Bu rezervin ayırt edici bir özelliği, topraklarının neredeyse tamamının federal kontrol yerine topluluk, "ejidal" veya özel mülkiyet altında olmasıdır. CONANP, iklim değişikliğine uyum konularında topluluklarla çalışırken farklı bir yaklaşım benimsemek zorunda kalmıştır; CONANP ekosistem temelli bir bakış açısıyla çalışmaya karar vermiştir.
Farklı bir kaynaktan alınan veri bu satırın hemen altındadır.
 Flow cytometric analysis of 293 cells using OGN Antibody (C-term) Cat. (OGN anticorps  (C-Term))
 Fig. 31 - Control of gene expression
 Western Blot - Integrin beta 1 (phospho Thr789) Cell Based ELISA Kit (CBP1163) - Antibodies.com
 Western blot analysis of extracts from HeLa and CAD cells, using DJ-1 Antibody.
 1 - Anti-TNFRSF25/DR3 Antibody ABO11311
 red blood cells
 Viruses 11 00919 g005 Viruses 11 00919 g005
Bu yaklaşım, koruma ve iklim değişikliğini azaltma politikalarını yöneten federal yönetmeliklerin ve kurumların esnek bir şekilde yorumlanmasını gerektirmiştir. Bu esnekliğin temelinde, mangrov ekosistemlerinde hiçbir üretken faaliyetin gerçekleştirilemeyeceği geniş koruma alanlarını tanımlamak için katı bir idari poligon yaklaşımının reddedilmesi yatmaktadır. Yerel topluluklarla yapılan açık tartışmalar ve müzakereler CONANP'ın esnek bir yaklaşım benimsemesi ile sonuçlanmış ve yerel bilgi birikimi kullanılarak mangrovların ekosistem ve geçim kaynaklarına uygun olarak salt koruma ve sürdürülebilir üretim faaliyetleri için belirlenmiş alanlara bölünmesi sağlanmıştır. Mangrov sistemlerinde sürdürülebilir üretken faaliyetlerin sürdürülmesi, toplumun geçim kaynaklarının ayrılmaz bir bileşeni olarak mangrov sistemlerinin korunmasına yönelik topluluk tutumlarının değiştirilmesine yönelik uzun vadeli hedefi desteklemektedir.
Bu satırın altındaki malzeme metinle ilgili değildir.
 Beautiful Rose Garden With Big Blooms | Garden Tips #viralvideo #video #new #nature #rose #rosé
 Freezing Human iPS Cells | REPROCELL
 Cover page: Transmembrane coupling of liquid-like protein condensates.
1. Yerel topluluklarla yoğun diyalog ve müzakere (rezervin kurulmasından önce ve sonra).
2. Politikalar tasarlanırken yerel toplulukların ve saha çalışanlarının görüşlerinin dinlenmesi ve geçerliliğinin kabul edilmesi.
3. Farklı bakış açılarına ve yerel bilgiye uyum sağlamak için kurumsal düzenlemeleri ve yaklaşımları değiştirme isteği.
4. Planlanan önlemlerin etkinliğini izleme kapasitesi ve planların yerel topluluk desteğiyle değiştirilmesi gerektiğinde bunu fark edebilme.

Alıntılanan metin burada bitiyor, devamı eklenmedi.